What is required: From the line with "WV license plate 1SA034" through the line with "Purple silk with", repeat the entries verbatim, both end lines included, and add nothing.

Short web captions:
──────────

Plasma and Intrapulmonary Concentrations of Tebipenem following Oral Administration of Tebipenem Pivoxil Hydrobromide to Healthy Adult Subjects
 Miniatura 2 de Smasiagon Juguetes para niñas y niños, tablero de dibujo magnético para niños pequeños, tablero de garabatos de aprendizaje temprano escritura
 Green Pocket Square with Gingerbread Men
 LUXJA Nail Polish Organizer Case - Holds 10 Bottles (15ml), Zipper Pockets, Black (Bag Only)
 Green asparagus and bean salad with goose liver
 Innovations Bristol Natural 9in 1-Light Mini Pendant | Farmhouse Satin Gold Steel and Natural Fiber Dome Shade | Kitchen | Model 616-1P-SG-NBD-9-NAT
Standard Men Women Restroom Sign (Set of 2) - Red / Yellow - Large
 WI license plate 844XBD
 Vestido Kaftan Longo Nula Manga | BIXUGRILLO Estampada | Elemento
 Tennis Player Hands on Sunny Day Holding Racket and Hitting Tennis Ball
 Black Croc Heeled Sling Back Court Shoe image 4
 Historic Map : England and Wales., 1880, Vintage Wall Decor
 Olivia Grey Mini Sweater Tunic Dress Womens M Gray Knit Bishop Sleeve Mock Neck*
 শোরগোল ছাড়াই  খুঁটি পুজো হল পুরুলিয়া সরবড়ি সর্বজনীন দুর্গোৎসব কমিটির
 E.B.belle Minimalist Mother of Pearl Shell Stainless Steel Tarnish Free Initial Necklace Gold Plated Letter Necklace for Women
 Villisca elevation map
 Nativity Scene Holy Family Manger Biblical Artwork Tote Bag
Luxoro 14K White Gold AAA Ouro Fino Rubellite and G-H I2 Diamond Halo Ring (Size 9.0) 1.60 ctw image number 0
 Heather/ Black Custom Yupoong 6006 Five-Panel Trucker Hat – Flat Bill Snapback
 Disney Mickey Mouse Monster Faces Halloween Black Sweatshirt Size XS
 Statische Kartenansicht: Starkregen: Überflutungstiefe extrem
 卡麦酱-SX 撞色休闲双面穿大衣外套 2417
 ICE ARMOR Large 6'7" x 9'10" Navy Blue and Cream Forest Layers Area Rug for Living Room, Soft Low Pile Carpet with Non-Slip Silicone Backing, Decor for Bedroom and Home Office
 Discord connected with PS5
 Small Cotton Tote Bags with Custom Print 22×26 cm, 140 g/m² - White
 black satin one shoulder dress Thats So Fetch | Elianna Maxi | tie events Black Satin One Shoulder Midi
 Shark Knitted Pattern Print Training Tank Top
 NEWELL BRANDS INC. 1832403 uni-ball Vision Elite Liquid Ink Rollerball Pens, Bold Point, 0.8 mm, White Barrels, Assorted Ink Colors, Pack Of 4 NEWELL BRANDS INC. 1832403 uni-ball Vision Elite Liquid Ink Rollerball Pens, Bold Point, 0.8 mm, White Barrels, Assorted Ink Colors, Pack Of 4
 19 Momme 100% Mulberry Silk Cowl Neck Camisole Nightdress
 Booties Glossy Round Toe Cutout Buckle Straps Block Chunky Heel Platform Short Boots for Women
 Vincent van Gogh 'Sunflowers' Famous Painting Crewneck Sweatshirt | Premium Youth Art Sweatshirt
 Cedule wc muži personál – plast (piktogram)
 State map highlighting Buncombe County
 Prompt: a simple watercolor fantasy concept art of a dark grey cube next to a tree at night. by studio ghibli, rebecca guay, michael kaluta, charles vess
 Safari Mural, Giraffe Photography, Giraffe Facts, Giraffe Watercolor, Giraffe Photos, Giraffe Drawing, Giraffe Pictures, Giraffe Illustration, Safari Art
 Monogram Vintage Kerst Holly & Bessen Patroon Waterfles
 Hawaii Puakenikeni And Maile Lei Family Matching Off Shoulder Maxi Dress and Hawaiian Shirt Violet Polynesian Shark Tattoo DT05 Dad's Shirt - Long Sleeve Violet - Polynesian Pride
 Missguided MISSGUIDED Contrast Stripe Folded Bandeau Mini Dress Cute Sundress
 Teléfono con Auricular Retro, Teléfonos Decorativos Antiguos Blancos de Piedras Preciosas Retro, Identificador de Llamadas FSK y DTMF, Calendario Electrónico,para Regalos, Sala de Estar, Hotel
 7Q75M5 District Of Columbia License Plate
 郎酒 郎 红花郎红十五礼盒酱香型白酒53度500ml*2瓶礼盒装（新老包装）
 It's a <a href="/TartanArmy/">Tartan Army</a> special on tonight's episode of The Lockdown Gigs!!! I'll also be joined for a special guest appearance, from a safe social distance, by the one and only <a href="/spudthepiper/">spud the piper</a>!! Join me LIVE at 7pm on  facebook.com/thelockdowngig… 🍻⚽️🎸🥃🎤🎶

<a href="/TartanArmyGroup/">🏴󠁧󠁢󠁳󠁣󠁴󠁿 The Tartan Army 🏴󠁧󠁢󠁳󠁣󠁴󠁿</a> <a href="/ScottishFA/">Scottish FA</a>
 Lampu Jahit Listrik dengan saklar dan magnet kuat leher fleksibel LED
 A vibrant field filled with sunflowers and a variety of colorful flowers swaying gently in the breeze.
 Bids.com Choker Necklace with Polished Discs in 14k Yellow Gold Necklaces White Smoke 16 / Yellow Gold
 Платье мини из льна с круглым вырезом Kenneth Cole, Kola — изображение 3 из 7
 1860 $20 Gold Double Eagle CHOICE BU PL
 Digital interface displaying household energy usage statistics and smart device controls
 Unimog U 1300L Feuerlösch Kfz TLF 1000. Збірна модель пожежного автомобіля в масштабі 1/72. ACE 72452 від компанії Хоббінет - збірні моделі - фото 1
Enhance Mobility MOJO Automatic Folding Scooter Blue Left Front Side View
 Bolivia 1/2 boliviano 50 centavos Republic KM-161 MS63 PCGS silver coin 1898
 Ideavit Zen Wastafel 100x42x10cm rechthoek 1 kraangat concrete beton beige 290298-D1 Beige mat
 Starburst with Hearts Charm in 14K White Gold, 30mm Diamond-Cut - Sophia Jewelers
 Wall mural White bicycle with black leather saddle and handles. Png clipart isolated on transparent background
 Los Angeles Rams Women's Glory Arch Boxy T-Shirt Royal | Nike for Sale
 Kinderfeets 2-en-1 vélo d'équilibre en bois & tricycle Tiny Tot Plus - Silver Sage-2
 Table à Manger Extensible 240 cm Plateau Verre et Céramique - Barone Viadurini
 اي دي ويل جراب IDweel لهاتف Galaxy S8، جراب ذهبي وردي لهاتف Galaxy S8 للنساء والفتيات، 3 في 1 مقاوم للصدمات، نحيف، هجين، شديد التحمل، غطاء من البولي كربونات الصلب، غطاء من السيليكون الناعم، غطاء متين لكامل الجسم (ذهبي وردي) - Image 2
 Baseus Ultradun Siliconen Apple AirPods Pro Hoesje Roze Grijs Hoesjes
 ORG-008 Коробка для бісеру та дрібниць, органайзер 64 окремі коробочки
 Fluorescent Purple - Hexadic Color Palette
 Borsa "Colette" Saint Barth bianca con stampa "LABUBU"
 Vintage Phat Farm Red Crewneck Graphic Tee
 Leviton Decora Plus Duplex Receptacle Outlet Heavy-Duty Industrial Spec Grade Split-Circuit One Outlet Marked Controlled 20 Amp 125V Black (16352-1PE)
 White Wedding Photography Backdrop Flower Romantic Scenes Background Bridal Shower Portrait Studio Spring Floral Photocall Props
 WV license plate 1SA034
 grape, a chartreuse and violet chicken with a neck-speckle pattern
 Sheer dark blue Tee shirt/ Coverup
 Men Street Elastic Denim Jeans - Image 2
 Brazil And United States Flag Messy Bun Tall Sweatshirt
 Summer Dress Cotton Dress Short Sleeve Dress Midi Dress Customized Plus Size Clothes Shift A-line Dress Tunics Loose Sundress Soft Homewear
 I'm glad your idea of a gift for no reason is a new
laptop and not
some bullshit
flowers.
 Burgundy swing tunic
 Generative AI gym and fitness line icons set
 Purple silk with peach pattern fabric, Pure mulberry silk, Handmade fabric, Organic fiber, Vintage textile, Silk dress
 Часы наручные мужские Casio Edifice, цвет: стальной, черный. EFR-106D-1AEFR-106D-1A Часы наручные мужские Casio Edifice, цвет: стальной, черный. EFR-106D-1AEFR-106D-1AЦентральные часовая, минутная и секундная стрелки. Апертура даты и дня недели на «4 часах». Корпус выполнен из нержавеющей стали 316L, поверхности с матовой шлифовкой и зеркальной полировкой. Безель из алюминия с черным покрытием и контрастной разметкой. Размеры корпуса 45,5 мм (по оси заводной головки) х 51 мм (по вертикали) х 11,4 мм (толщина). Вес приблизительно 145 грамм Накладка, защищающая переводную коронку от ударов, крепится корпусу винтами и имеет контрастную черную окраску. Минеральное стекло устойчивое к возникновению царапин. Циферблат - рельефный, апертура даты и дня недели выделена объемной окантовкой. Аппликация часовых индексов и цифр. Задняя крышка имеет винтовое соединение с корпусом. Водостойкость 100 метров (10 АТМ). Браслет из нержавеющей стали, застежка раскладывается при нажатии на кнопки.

──────────

Completed exercise:
 WV license plate 1SA034
 grape, a chartreuse and violet chicken with a neck-speckle pattern
 Sheer dark blue Tee shirt/ Coverup
 Men Street Elastic Denim Jeans - Image 2
 Brazil And United States Flag Messy Bun Tall Sweatshirt
 Summer Dress Cotton Dress Short Sleeve Dress Midi Dress Customized Plus Size Clothes Shift A-line Dress Tunics Loose Sundress Soft Homewear
 I'm glad your idea of a gift for no reason is a new
laptop and not
some bullshit
flowers.
 Burgundy swing tunic
 Generative AI gym and fitness line icons set
 Purple silk with peach pattern fabric, Pure mulberry silk, Handmade fabric, Organic fiber, Vintage textile, Silk dress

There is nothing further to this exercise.